*** Opening of INPUT DATA ***
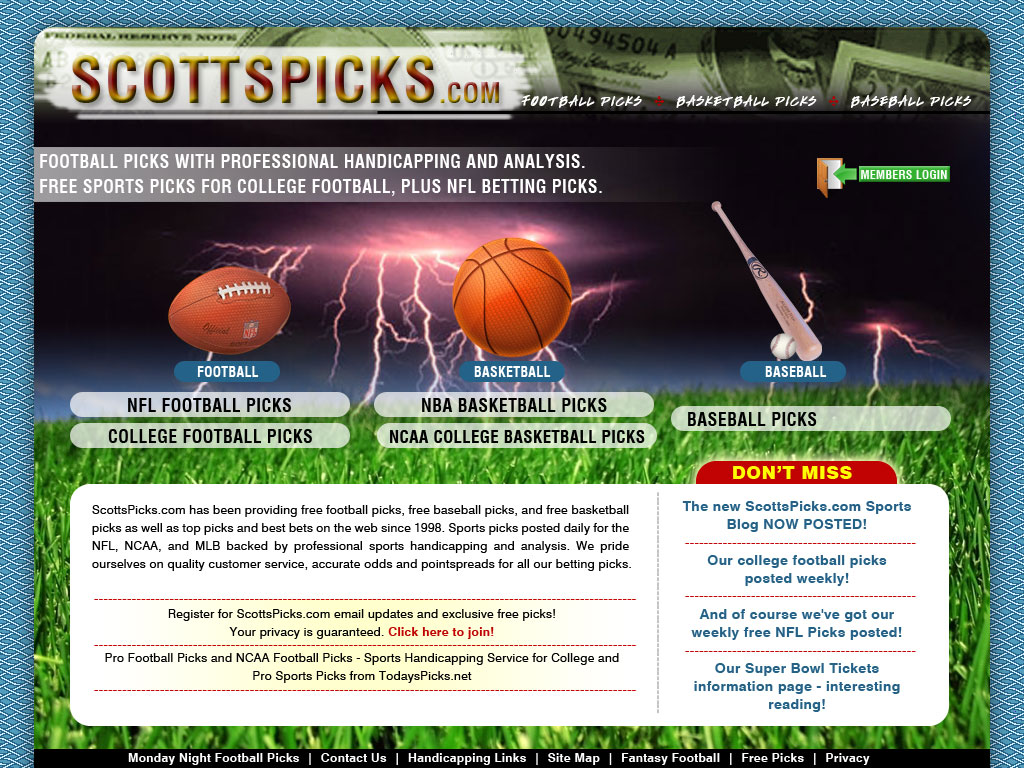Web Design par BrandOne pour ScottsPicks.com | Design #11657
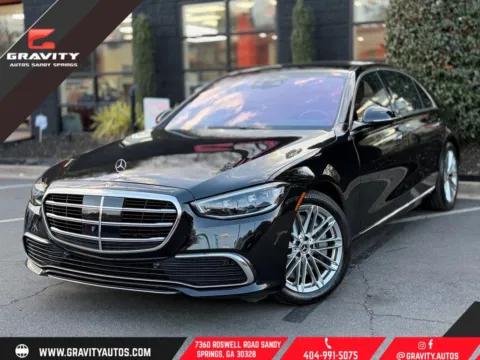 Black 2021 Mercedes-Benz S-Class S 580 for sale in Sandy Springs, GA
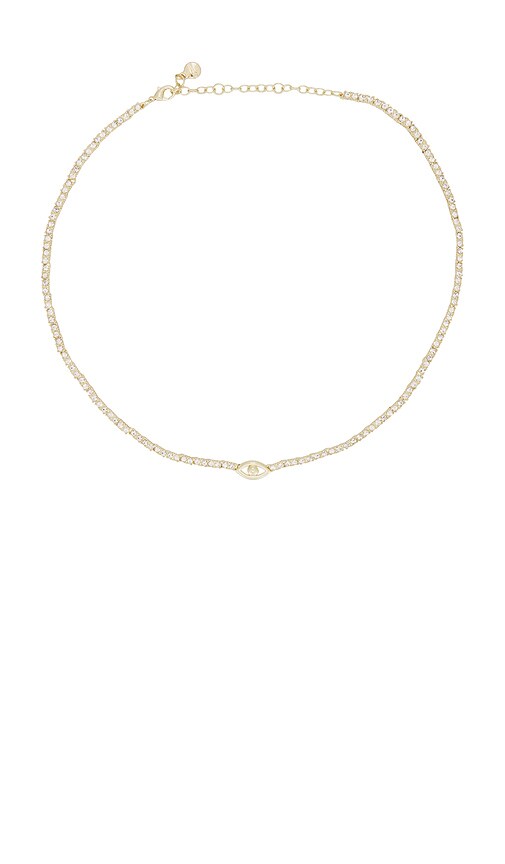 BaubleBar Evil Eye Necklace in Gold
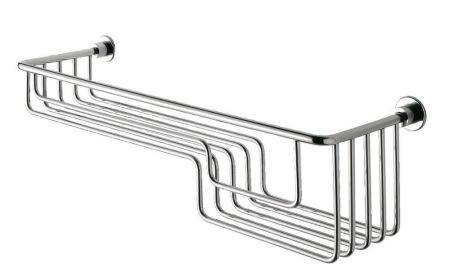 Gedy, решётка прямоугольная 1-уровневая с двумя глубинами (42,5х13хh11,5), цвет хром, артикул 5620(13)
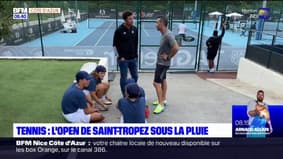 L'Open de Saint-Tropez de tennis se déroule sous la pluie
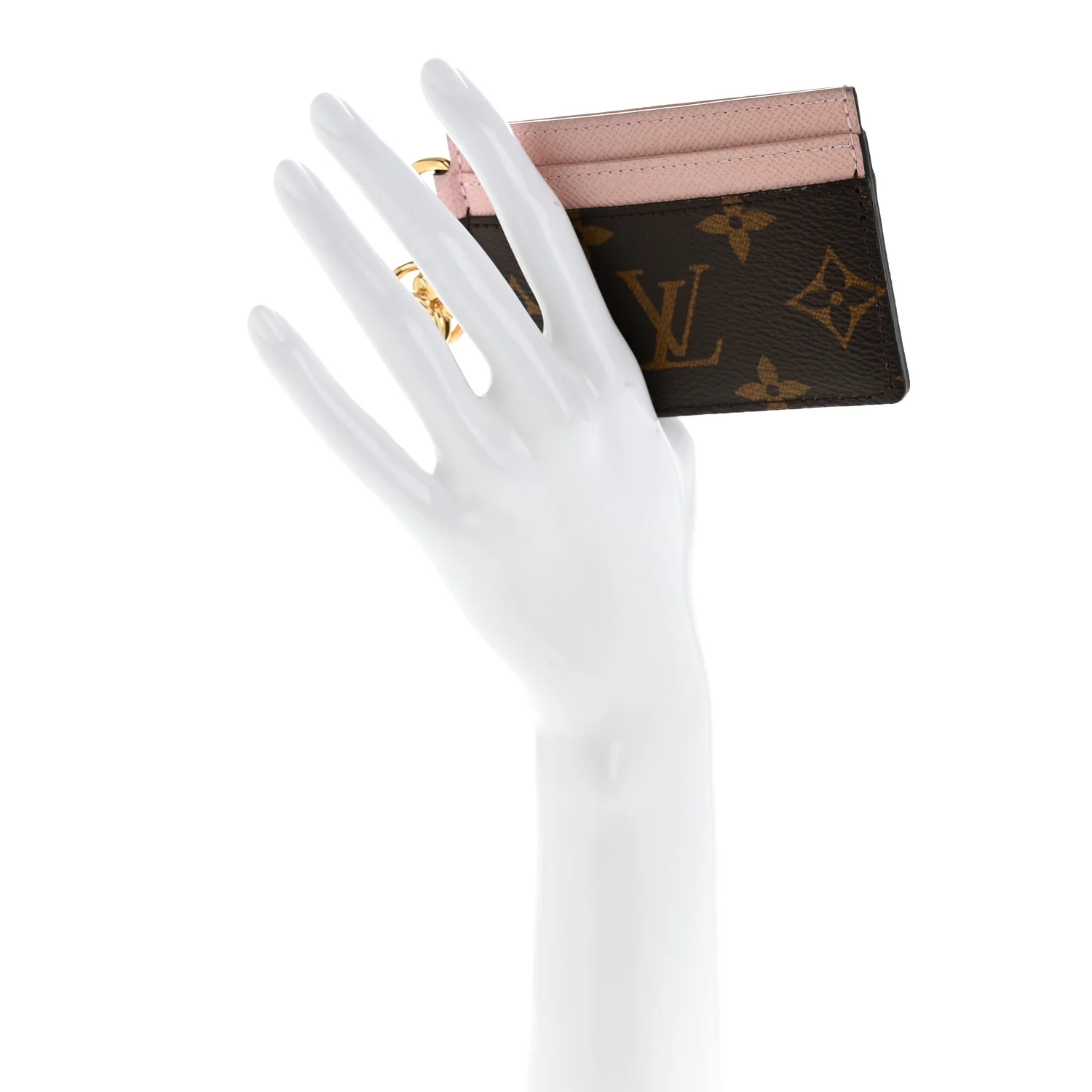 Monogram LV Charms Card Holder Rose Ballerine - Image 2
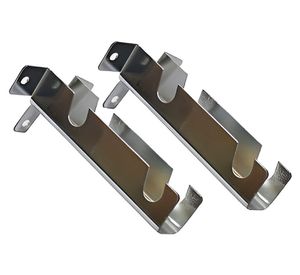 Soporte 12 mm doble corto cromado 2 unidades Metalhsa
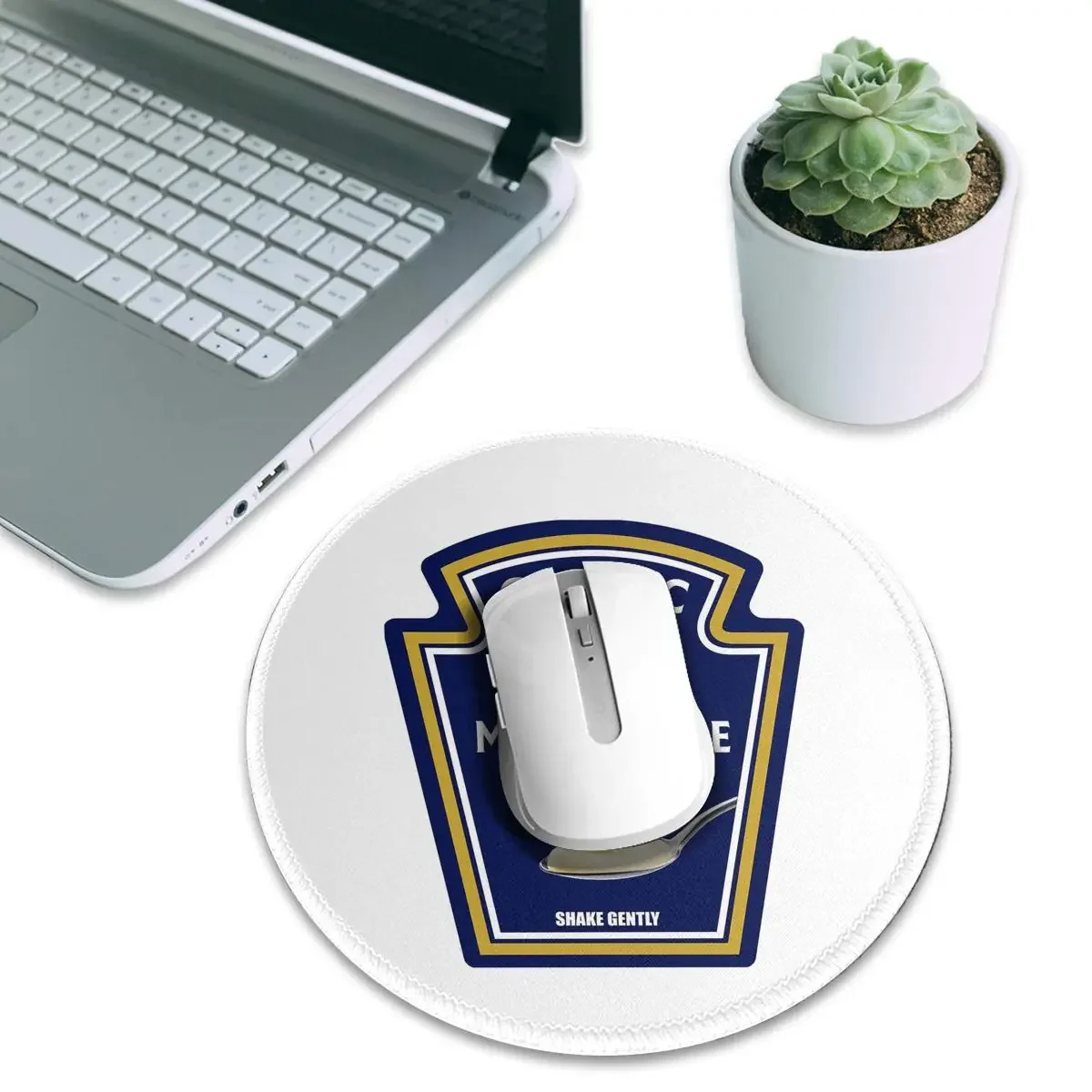 Mayonnaise HalloweenCostume Ketchup Mustard Mayo Round Mouse Pad Computer Keyboard Mouse Mat Gamer Laptop Desk Mat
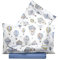 Smart Deco Home Completo letto lenzuola federe letto stampa fantasia 100% Cotone Made in Italy MATRIMONIALE MONGOLFIERE AZZURRO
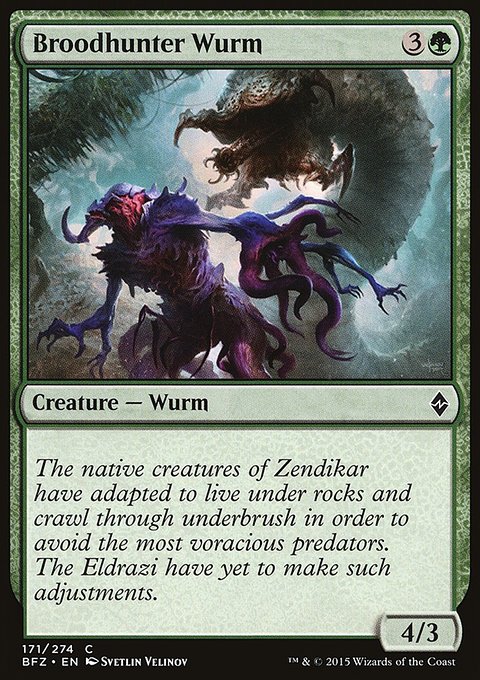 Battle for Zendikar: Broodhunter Wurm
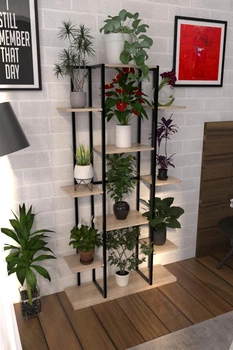 Подставка под цветы в стиле лофт EcoLoft Сафлора DSP-1182 Дуб Сонома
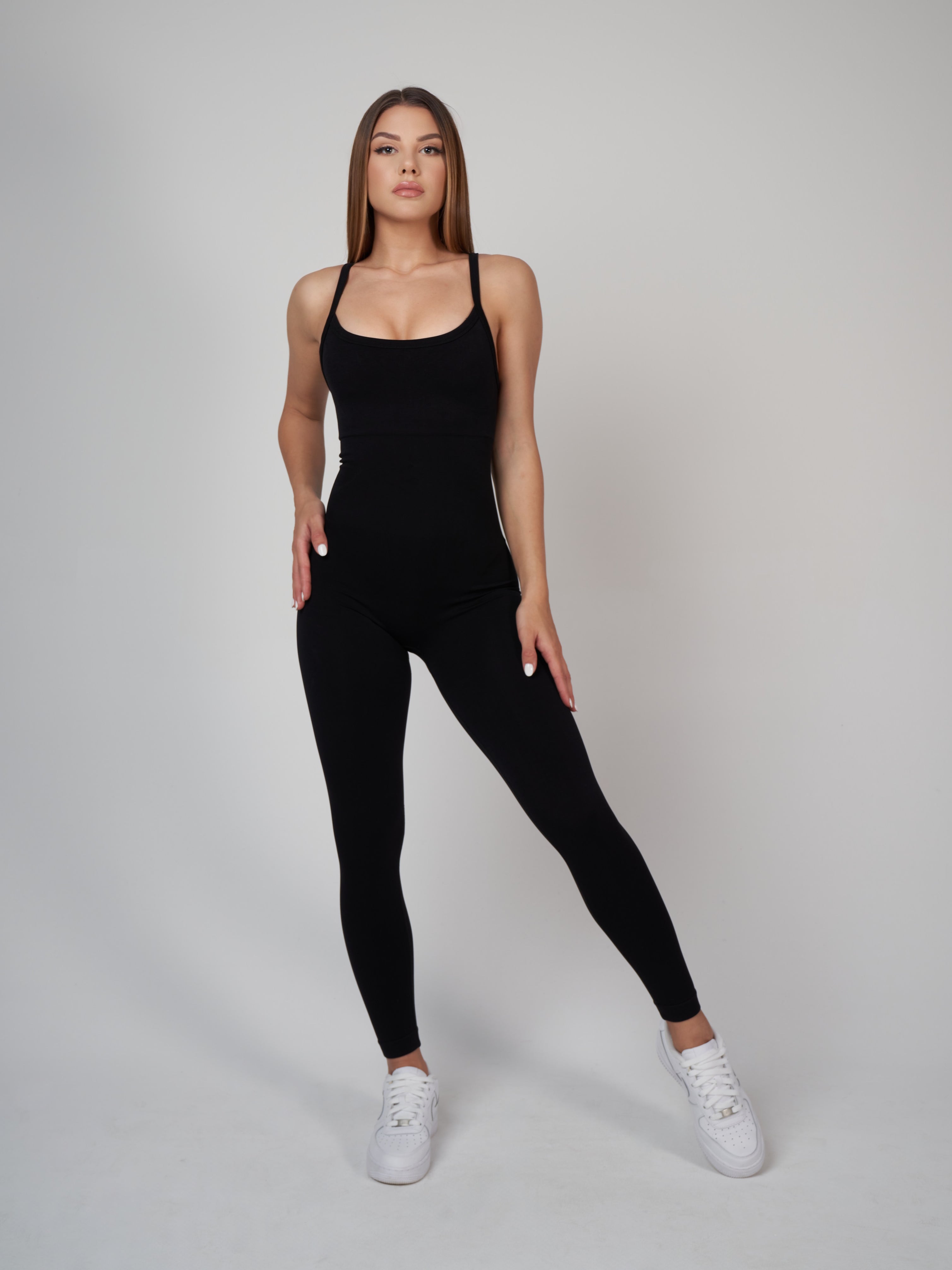 Rachel Seamless Jumpsuit - Black
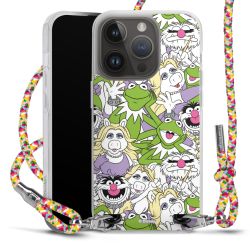 New Carry Case Transparent Stoff colourful/silber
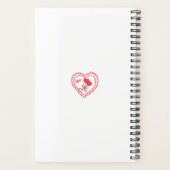 Zoete Hart Lollypop & Vogel Persoonlijk Notitieboe Planner (Achterkant)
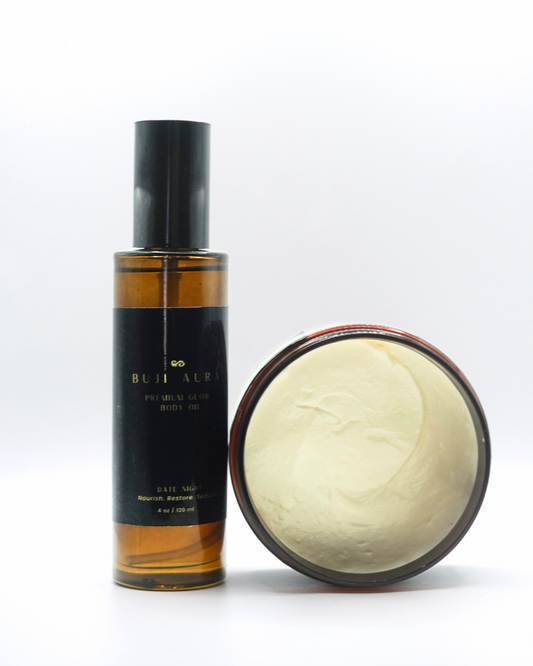 Date Night Duo | Cashmere, Amber, Frankincense | Glow Body Oil & Butter (Limited Edition)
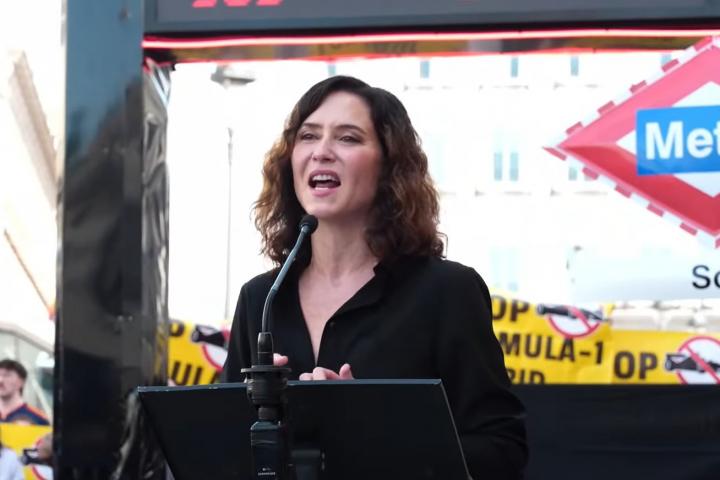 La presidenta de la Comunidad de Madrid, Isabel Díaz Ayuso.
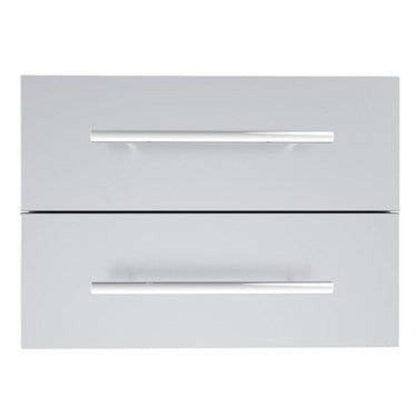 Sunstone Designer Series 18" x 13" Stainless Steel Multi-Configurable Double Drawer with Self-Leveling Legs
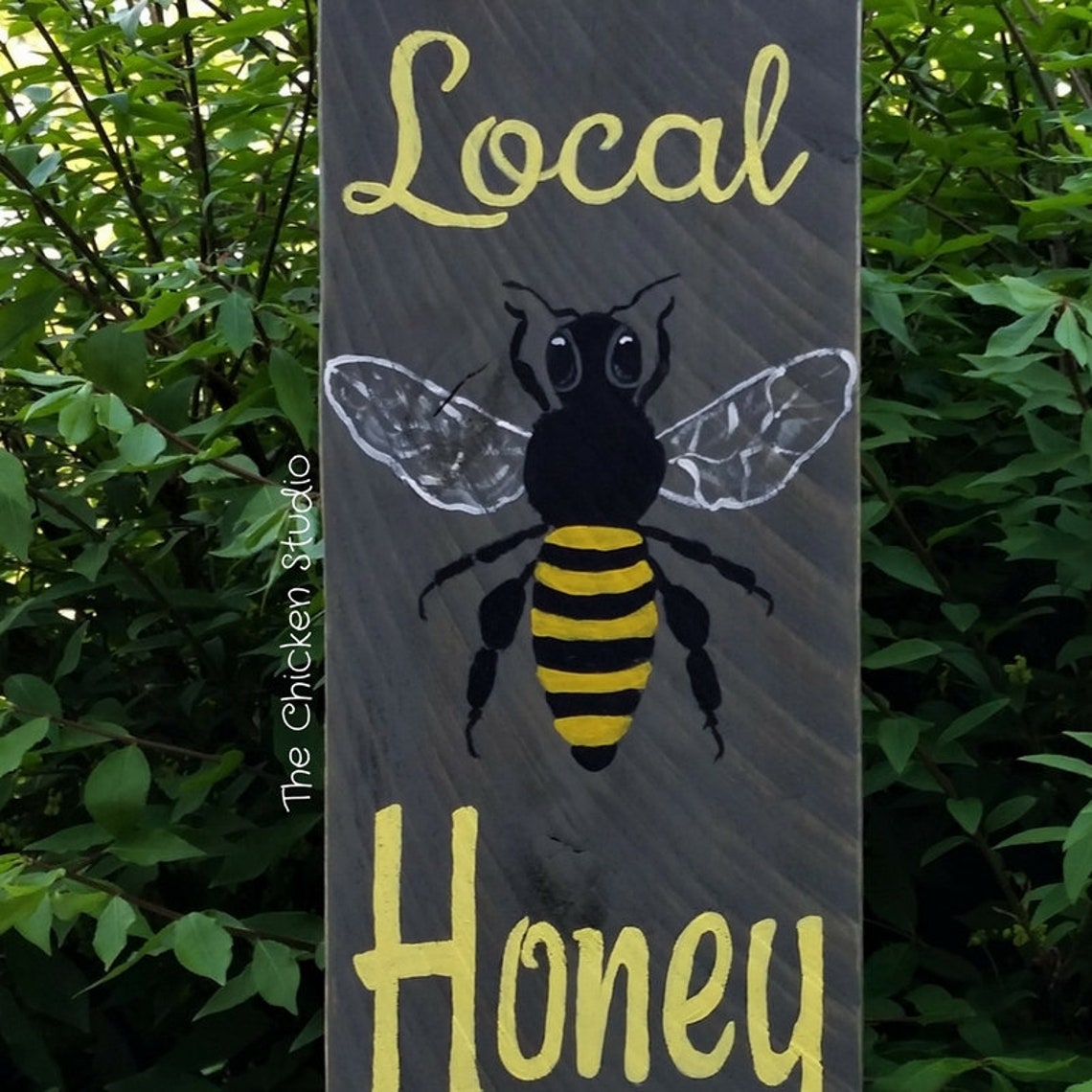 Local Honey Honey sign Pure Raw Beekeeper kitchen decor Etsy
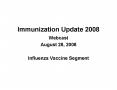 Immunization Update 2008 PowerPoint PPT Presentation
*** Close of INPUT DATA ***
# [REQUIREMENT]
Output, exactly and with no pictures, every line from the one that contains "Gedy, решётка прямоугольная" through the final line of the entries.

# [RESPONSE TO THIS TASK]
 Gedy, решётка прямоугольная 1-уровневая с двумя глубинами (42,5х13хh11,5), цвет хром, артикул 5620(13)
 L'Open de Saint-Tropez de tennis se déroule sous la pluie
 Monogram LV Charms Card Holder Rose Ballerine - Image 2
 Soporte 12 mm doble corto cromado 2 unidades Metalhsa
 Mayonnaise HalloweenCostume Ketchup Mustard Mayo Round Mouse Pad Computer Keyboard Mouse Mat Gamer Laptop Desk Mat
 Smart Deco Home Completo letto lenzuola federe letto stampa fantasia 100% Cotone Made in Italy MATRIMONIALE MONGOLFIERE AZZURRO
 Battle for Zendikar: Broodhunter Wurm
 Подставка под цветы в стиле лофт EcoLoft Сафлора DSP-1182 Дуб Сонома
 Rachel Seamless Jumpsuit - Black
 New Carry Case Transparent Stoff colourful/silber
 Zoete Hart Lollypop & Vogel Persoonlijk Notitieboe Planner (Achterkant)
 Date Night Duo | Cashmere, Amber, Frankincense | Glow Body Oil & Butter (Limited Edition)
 La presidenta de la Comunidad de Madrid, Isabel Díaz Ayuso.
 Sunstone Designer Series 18" x 13" Stainless Steel Multi-Configurable Double Drawer with Self-Leveling Legs
 Local Honey Honey sign Pure Raw Beekeeper kitchen decor Etsy
 Immunization Update 2008 PowerPoint PPT Presentation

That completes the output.